A clear and accessible account of Ovid’s life and writings can be found in K. Volk, Ovid, Malden, MA: Wiley-Blackwell, 2010, with further bibliography. The full text of The Cambridge Companion to Ovid is accessible through the Columbia library website, with articles on literary style, issues of gender and politics, and reception of Ovid’s poetry.

Heroides

“The Heroides are two sets of mythological letters written in elegiac couplets, the first of a group of fifteen written by women to men they have been or would like to be romantically involved with (the 'single' letters), and the second comprising three pairs of courtship letters between a couple engaged or about to be engaged in a relationship (…) Most think that the single Heroides were written between the first and the second editions of the Amores, that is, between rougly 20 and 13 BCE (…) The double letters, however, are often dated to about the time of Ovid's exile (8 CE) because stylistically and metrically they are more similar to his later poetry rather than his earlier”.

“This kind of writing, in which the author writes in the persona of a character (sometimes historical and sometimes fictional), was a part of the rhetorical training of upper-class Romans of Ovid's time, and Seneca's Susoriae and Controversiae provide not only examples but also mentions of Ovid's own rhetorical exercises (…) The primary differences in Ovid's treatment of these originally rhetorical themes are, first, that he writes poetry rather than prose and, second, that the poems focus on such a small portion of human experience, rather than encompassing the broader themes of the school exercises (...)”

“The Heroides, then, are not quite like anything that has come before them.

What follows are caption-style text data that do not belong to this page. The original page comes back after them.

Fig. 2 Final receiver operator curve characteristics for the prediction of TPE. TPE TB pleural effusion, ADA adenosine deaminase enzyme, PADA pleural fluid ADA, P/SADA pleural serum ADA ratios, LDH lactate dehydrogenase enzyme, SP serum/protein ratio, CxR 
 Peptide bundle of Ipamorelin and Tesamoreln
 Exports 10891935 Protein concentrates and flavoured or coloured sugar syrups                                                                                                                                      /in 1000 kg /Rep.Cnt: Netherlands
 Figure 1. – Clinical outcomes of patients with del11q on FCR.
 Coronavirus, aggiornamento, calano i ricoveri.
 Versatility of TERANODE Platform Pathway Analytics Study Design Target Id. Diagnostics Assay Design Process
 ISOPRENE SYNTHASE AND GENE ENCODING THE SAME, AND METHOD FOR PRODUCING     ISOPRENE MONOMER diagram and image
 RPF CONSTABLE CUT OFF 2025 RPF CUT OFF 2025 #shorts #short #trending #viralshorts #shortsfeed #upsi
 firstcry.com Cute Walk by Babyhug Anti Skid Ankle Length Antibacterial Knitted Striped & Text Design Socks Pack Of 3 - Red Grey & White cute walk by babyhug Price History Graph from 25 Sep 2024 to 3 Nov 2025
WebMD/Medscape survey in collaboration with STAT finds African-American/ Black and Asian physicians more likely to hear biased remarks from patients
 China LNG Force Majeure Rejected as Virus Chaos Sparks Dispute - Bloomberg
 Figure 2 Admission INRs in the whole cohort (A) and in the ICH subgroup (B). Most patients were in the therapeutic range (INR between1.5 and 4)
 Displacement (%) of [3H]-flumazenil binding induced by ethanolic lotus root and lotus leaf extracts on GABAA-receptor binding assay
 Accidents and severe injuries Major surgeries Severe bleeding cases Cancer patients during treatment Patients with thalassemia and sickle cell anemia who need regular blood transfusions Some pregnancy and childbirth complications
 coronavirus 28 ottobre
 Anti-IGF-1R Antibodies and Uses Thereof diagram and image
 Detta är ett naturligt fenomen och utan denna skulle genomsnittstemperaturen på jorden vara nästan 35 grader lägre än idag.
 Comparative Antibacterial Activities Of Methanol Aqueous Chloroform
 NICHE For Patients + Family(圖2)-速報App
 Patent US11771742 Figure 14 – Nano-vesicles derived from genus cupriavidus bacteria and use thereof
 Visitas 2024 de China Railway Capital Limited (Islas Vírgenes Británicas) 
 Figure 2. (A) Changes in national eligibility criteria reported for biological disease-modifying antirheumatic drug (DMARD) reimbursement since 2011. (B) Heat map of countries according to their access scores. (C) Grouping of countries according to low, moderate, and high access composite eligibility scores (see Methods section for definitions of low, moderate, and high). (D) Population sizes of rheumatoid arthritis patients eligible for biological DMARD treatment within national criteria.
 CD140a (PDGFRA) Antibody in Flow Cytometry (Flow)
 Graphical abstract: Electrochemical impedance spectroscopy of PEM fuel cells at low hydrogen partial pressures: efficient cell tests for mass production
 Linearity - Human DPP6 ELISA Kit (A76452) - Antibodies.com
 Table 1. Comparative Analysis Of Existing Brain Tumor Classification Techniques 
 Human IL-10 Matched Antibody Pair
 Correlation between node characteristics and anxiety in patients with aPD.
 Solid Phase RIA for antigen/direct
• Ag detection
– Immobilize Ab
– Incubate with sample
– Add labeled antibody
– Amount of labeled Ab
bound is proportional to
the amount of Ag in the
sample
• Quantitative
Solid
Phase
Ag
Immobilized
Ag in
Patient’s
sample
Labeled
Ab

There are probably examples of fictional letter collections before Ovid, but they are mostly the forged correspondence of historical figures who are likely to have written to one another (...)”

“Ovid himself claims to have invented this genre, whatever we understand it to be (Ars 3.346) (…) And yet the Heroides, while they are in some sense anomalous, are very much a part of Ovid's work as a whole. Like the Metamorphoses and parts of the Ars amatoria, they are interested in mythology, both in its canonical versions and its contemporary, 'Romanized' permutations. Like the Ibis and the Fasti, they presume a detailed and technical knowledge of variant versions of that mythology. Like the exile poetry, they minutely examine similar themes, relentlessly pacing over the same place. Their world is essentially the world of Roman love elegy, as seen in the Amores (…) Like the Ars amatoria and certain books of the Metamorphoses, they are interested in the unhappier parts of erotic experience, particularly women's. And like all of Ovid's poetry, they are immensely playful and immensely satisfying; the more you read them, the more they draw you into their world.”